• **Material for this task**:
▬▬▬

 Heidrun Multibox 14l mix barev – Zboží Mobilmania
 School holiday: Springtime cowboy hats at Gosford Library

▬▬▬

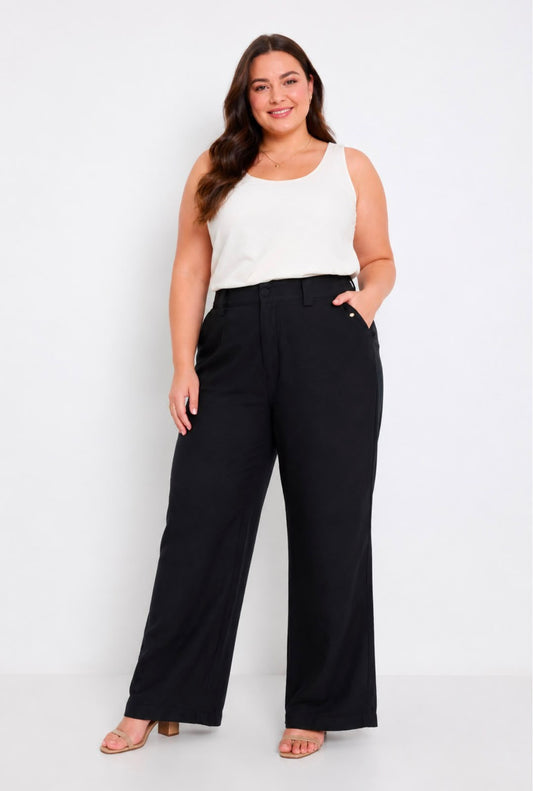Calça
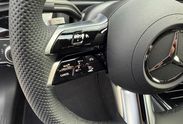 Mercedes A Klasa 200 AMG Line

▬▬▬

• **What you have to do**: Please return the lines above that run from the line containing "Heidrun Multibox 14l" to the line containing "School holiday: Springtime", inclusive, exactly and with no other lines.

• **Worked solution**:
 Heidrun Multibox 14l mix barev – Zboží Mobilmania
 School holiday: Springtime cowboy hats at Gosford Library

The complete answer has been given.